Wanting a more substantial meal, we decided to forgo these stalls and we eventually found the most random restaurant option that either of us have ever experienced. Being in Taiwan, we found it funny to come across a Norwegian restaurant and knew that we had found the correct establishment in which to eat and avoid rain. We ordered curry that came with kimchi on the side. Strangest meal and restaurant we could have imagined.
After lunch we went to the correct bus-bay in order to make our way to the Tien Yuan Temple. A kind Taiwanese woman informed us that the bus would not be arriving for another 40-50 minutes. Not willing to wait, we jumped in a taxi and showed the driver a picture of the temple. He nodded and sped off in a direction that we hoped would lead to the correct location. This driver knew exactly what he was doing and showed us one hell of a ride.

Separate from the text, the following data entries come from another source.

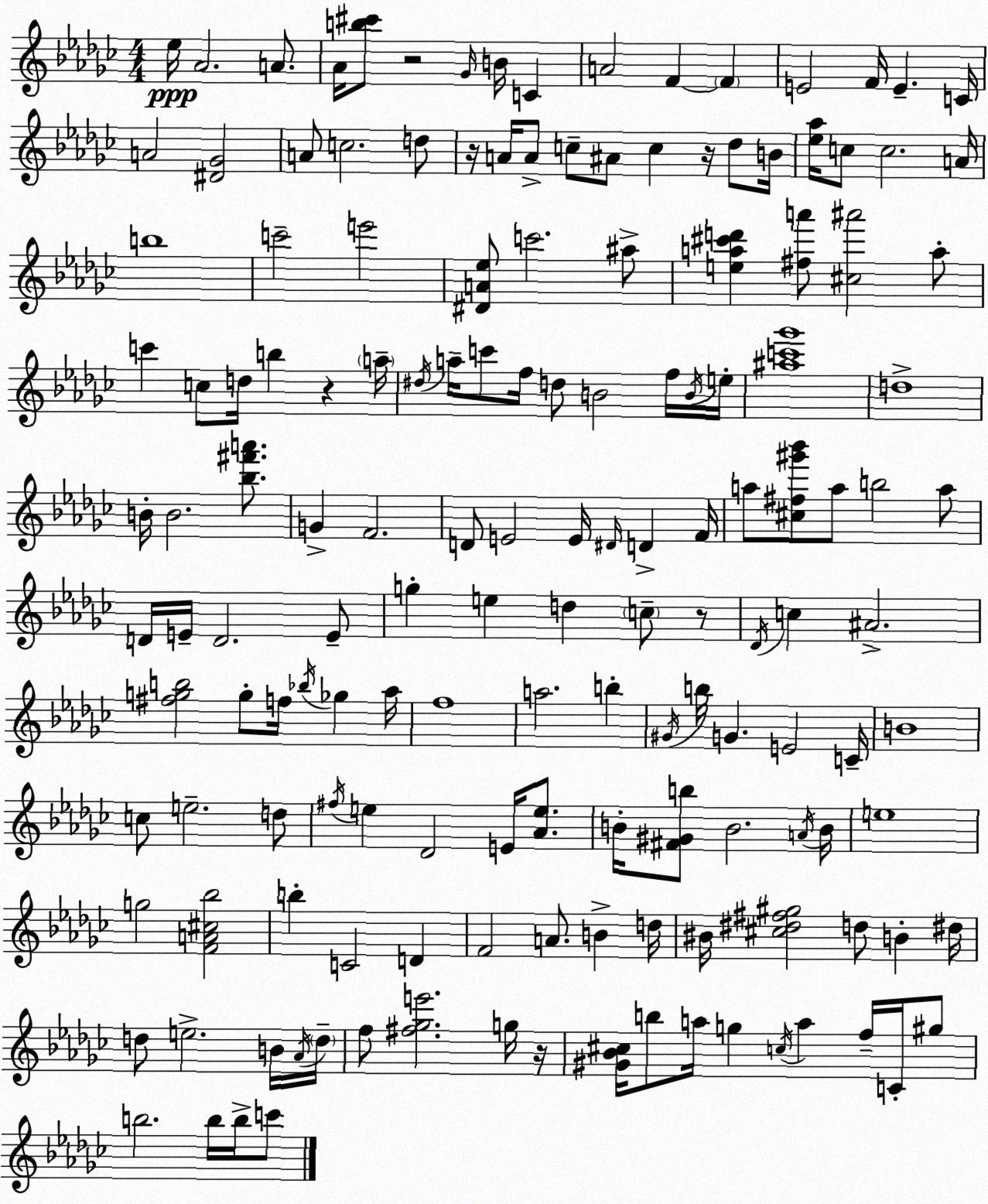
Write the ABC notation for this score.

X:1
T:Untitled
M:4/4
L:1/4
K:Ebm
_e/4 _A2 A/2 _A/4 [b^c']/2 z2 _G/4 B/4 C A2 F F E2 F/4 E C/4 A2 [^D_G]2 A/2 c2 d/2 z/4 A/4 A/2 c/2 ^A/2 c z/4 _d/2 B/4 [_e_a]/4 c/2 c2 A/4 b4 c'2 e'2 [^DA_e]/2 c'2 ^a/2 [ea^c'd'] [^fa']/2 [^c^a']2 a/2 c' c/2 d/4 b z a/4 ^d/4 a/4 c'/2 f/4 d/2 B2 f/4 B/4 e/4 [^ac'_g']4 d4 B/4 B2 [_b^f'a']/2 G F2 D/2 E2 E/4 ^D/4 D F/4 a/2 [^c^f^g'_b']/2 a/2 b2 a/2 D/4 E/4 D2 E/2 g e d c/2 z/2 _D/4 c ^A2 [^fgb]2 g/2 f/4 _b/4 _g _a/4 f4 a2 b ^G/4 b/4 G E2 C/4 B4 c/2 e2 d/2 ^f/4 e _D2 E/4 [_Ae]/2 B/4 [^F^Gb]/2 B2 A/4 B/4 e4 g2 [FA^c_b]2 b C2 D F2 A/2 B d/4 ^B/4 [^c^d^f^g]2 d/2 B ^d/4 d/2 e2 B/4 _A/4 d/4 f/2 [^f_ge']2 g/4 z/4 [^G_B^c]/4 b/2 a/4 g c/4 a f/4 C/4 ^g/2 b2 b/4 b/4 c'/2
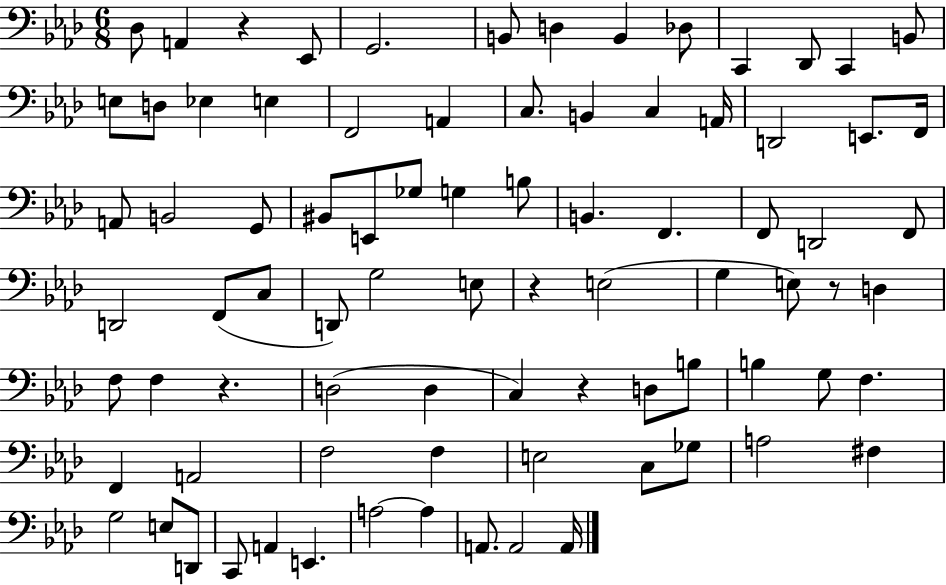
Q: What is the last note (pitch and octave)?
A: A2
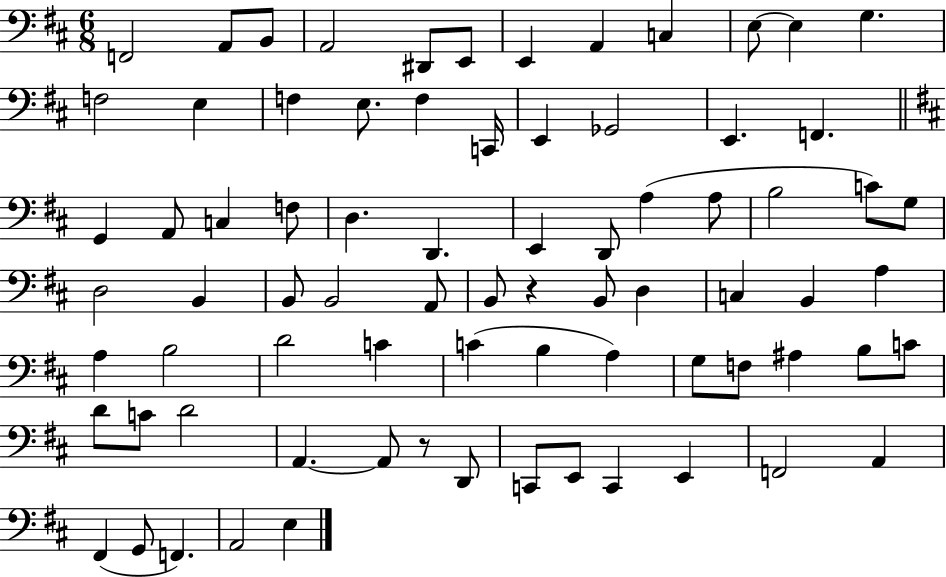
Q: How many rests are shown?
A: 2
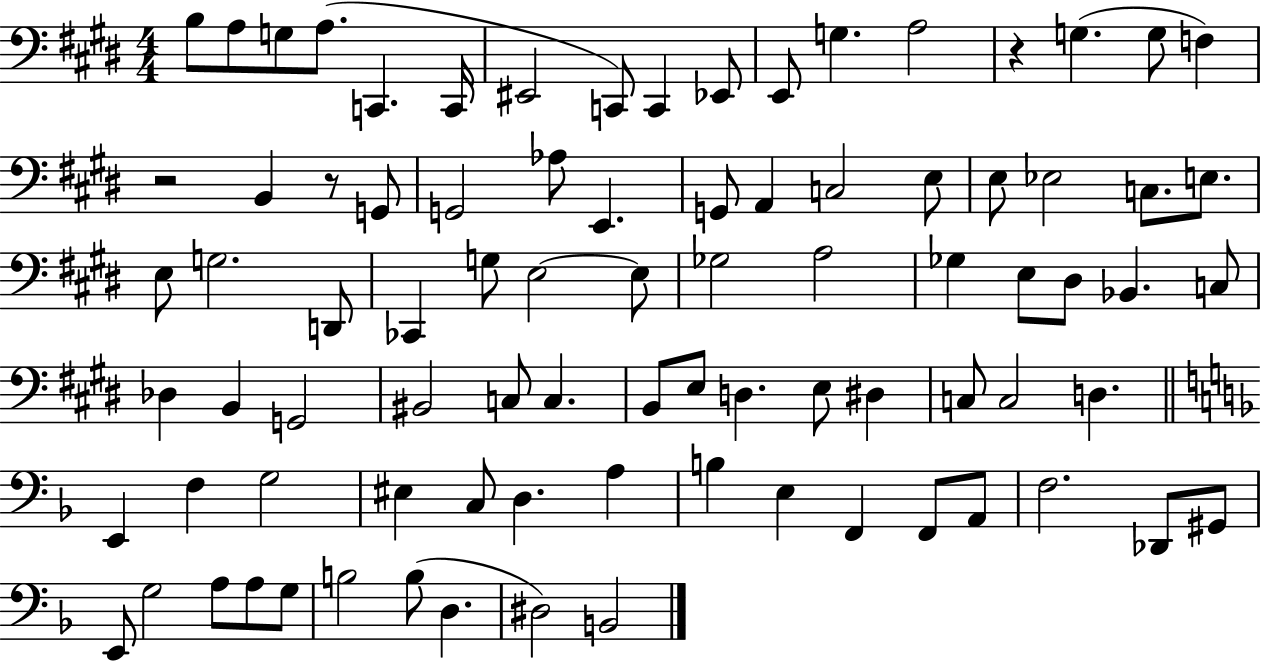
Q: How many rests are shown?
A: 3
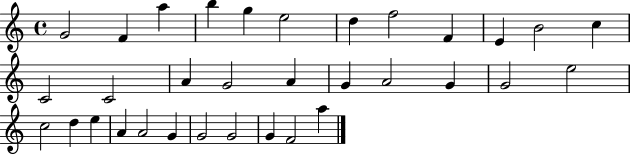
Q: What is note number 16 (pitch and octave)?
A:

Cutting into oncoming traffic to pass slower cars, accelerating wildly around hairpin turns, and only slightly avoiding pedestrians, we raced to the temple in ten minutes and departed our Gran Turismo-esque experience.
Standing at the base of Tien Yuan’s upper staircase, we were immediately rendered speechless by the building’s sheer size.With 5 levels of 20-foot ceilings, its round shape is a truly beautiful sight. Even more stunning is the detail work inside this temple. Every inch of this place is intricately painted and adorned with statues and pictures of deities. It was truly beautiful.
After exploring the first level we went up a staircase that followed the curve of the exterior walls and came upon another beautiful alter and shrine. Then we went up another level to find a new room. And again, and again. Every floor had a new and interesting set of statues and every level provided increasingly astounding views of the temple grounds and mountainous landscape. The wind rattled through the 360-degree windows to create an eerily beautiful auditory effect as we marched up and down the stairs, making sure that we had seen it all.